At some point or another, we all learn to accept (if not love) those physical traits we may have hated as teenagers, like big noses or not stick-straight hair (cut to that one scene from Mean Girls). But what if you had to accept being a woman with a full-blown beard? Harnaam Kaur, a 23-year-old teaching assistant from Slough, Berkshire, not only learned to love her facial hair — she says she can’t imagine life without it.

Kaur, a teaching assistant from Slough, Berkshire, has polycystic ovary syndrome — a condition that caused her to begin growing a beard at age eleven. Thick hair on her arms and chest quickly followed. Despite doing everything to hide it, from painful waxing to holding her hand over her face in the presence of others, she was still ashamed. So ashamed, in fact, that she rarely left the house, and started self-harming and suffering from suicidal thoughts in her early teens. Who could blame her? When bullies are calling you names like “beardo” and “shemale,” it seems impossible not to go to a dark place.

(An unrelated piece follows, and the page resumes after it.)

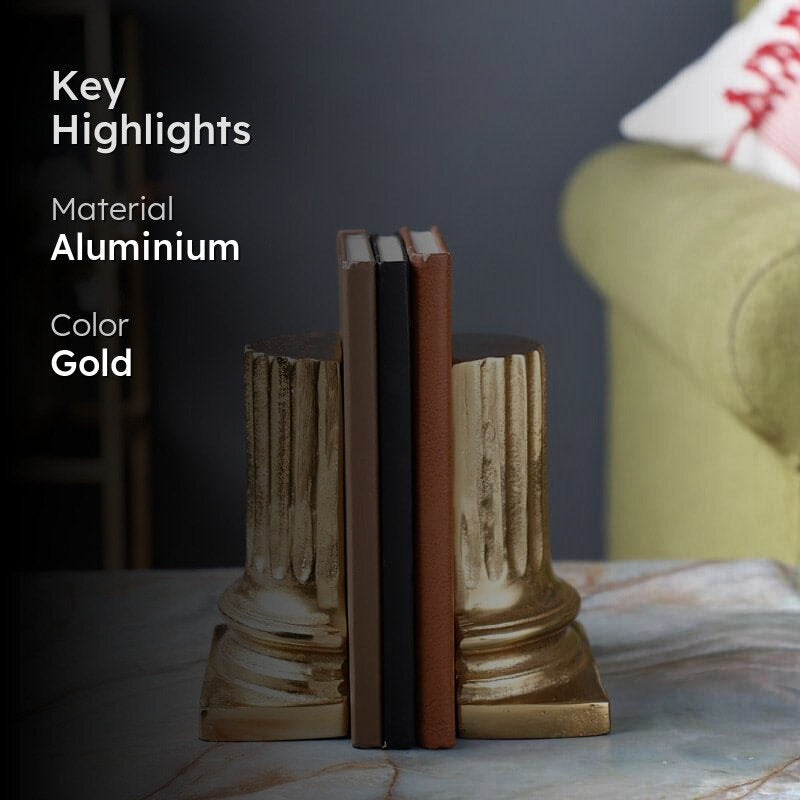 Ancient Pillar Book Ends (Gold) - Set Of Two media 2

Then, when Kaur was sixteen, everything changed. She decided to be baptized Sikh, a religion that not only prohibits the cutting of hair but considers it a gift from God. Kaur's decision prompted her to end the vicious waxing/bleaching/shaving cycle and let everything grow out…and she loved the results. So much so that even after her parents convinced her to shave off her facial hair again at seventeen to up her chances of having a “normal life,” she missed it. Kaur said that she didn’t feel herself without her beard and body hair, and that it makes her feel more confident.

“I feel more feminine, more sexy and I think I look it too.”

Can we stop for a minute and applaud this woman?

Perhaps her secret to self-confidence is her ability to laugh about it. Kaur mentioned that she jokes with her students about her beard, and enjoys pranking women in public restrooms. Maybe it’s her strong support system— not only have her parents accepted her decision, but her brother is also her biggest fan. Or maybe, it’s her ability to simply love herself at all costs.

All that matters to me at the moment is that I love myself. I love my beard and all my other little quirks - my tattoos, my scars, stretch marks and blemishes. I want other women to find the strength that I have. If I had any message it would be to live the way you want - it's your journey and it's your life.

I think it's safe to say that self-confidence is up there on the "list of things that make someone beautiful." If being confident means growing out your facial hair, I say do it.